SPRINGFIELD, Ore. — About 50 protesters gathered outside the Springfield Police Department Thursday afternoon in response to a recent shooting of a dog.
The crowd says this situation emphasizes the need for more officer training when it comes to dealing with animal control calls. They aren’t the only ones saying more education regarding situations with dogs like this is needed.
The National Canine Research Council created a series of training videos regarding situations like this week’s shooting of a pit bull by a Springfield police officer. It says that more than half of intentional police shootings nationwide involve animals, most often dogs.
“As human beings we’ve learned our entire lives to be extremely skilled at body language and communication with human beings, but not necessarily with members of another species,” said Janis Bradley, NCRC Director of Communications.
And while the NCRC couldn’t say whether these incidents have grown over time, they say the growing access to media attention definitely makes it more apparent.
“Very often people misinterpret dog behavior as aggressive, but it’s really social behaviors. It’s a problem in communities, so police need more information on how to respond,” Bradley said.

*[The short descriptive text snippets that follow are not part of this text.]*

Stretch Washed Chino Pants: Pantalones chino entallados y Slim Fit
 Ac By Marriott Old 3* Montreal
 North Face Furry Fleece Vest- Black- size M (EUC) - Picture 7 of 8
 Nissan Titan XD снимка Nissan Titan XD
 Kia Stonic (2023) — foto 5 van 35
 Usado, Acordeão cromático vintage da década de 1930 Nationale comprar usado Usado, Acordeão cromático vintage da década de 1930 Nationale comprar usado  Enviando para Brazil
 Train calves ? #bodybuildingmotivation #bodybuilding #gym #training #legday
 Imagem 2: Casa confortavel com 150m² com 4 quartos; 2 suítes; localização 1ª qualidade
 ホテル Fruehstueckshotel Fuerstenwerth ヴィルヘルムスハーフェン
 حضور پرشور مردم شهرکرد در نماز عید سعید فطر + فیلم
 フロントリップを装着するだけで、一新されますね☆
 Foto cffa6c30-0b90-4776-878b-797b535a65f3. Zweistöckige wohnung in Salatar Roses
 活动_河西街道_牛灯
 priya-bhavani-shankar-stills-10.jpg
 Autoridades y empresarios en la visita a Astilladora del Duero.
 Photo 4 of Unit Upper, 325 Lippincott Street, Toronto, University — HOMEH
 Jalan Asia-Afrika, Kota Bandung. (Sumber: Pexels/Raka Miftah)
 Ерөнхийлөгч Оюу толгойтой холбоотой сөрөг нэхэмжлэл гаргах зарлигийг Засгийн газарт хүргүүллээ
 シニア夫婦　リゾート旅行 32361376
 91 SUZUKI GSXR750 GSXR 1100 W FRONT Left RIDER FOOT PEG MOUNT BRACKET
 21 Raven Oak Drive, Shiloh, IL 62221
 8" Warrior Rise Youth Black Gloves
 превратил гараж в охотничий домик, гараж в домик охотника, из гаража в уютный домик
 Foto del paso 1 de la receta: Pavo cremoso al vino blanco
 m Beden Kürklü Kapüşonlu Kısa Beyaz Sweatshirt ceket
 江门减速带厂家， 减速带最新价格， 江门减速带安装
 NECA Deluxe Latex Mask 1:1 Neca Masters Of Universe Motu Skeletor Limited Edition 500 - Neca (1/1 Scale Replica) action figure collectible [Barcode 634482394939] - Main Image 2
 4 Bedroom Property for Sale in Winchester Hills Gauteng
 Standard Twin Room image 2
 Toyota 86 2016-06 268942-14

The Springfield Police Department says while it doesn’t have as specific training as seen in the videos, they are trained to some extent.
“Officers go through use of force training, which often applies to human beings, but really that’s a big picture thing. It’s the use of discretion,” said Chief Tim Doney, Springfield Police Department.
In this case, while SPD has an animal control unit, it was after hours, so it actually took multiple calls to get an officer to the scene. And police say the dog chased down several people, including a 12-year-old boy. They say a complete stranger saved him, by driving his car in between the dog and the boy so the boy could get in the car.
SPD believes the officer made what he felt was the best decision based on the circumstances he was presented with at the scene.
“This is unfortunate for the animal and for the family and for the owners of the animal. I understand they’re emotionally upset about this, because if it was my family, I would be too. But I also understand that if I was the victim that was chased by the dog or fearful that you’re going to be attacked, there’s probably an equally emotional reaction on the opposite end of the spectrum,” Doney said.
The Springfield Police Department says it also works very closely with its K-9 and animal control units to familiarize themselves with these types of situations.
As for the current condition of the dog. The vet who saw Kiki says the bullet didn’t appear to go into the brain cavity, and that it’s best in this case to leave the bullet alone and not have it surgically removed.